Ahora queremos que los políticos nos salven, y justo cuando está Sánchez, cumbre de la idolatría y la egolatría, el que ha convertido el Estado en mera secta privada, con acólitos y palanganero, con cepillo sagrado y ortodoxia sagrada, con inquisición y marmita, con infalibilidades y martirios. Hasta la de Protección Civil, puesta también por la secta para hacer secta, está quejándose de sufrir un ataque personal, como si alguien supiera quién es ella. La responsabilidad de Sánchez no es que no llegue a los incendios, es que no llega a nada. El Estado es sólo una cúpula en la que él revolotea como un ángel moscón. A su lado, hasta nuestros barones de braserito, patrona y duro de Romanones parecen monjes consagrados a lo público.

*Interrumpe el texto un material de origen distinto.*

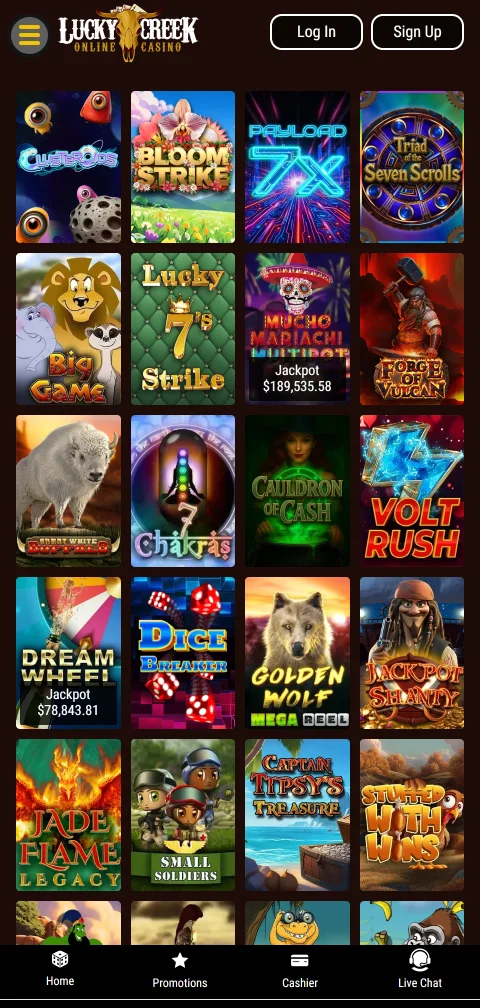 Lucky Creek Casino depósitos retiros y métodos de pago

Ahora que se nos quema España como el manto de una dolorosa y el Estado no aparece, sacamos nuestra rabia y nuestros tridentes, tiramos piedras al fuego como a un dragón y a la política como a un escaparate. Ahora queremos que la política le sirva al ciudadano cuando nos habíamos conformado con que sirviera a nuestro ego, a nuestro interés o a nuestro desquite. La política es así por una especie de proceso de selección artificial que hemos impulsado nosotros, como el que nos dio las vacas lecheras pero dando esta vez sólo vacas sagradas y políticos incompetentes y chorizos. Ahora no tenemos ni más Estado ni más dios que una vaca intocable y esquelética en la Moncloa, entre la obediencia absurda y el caos irremediable.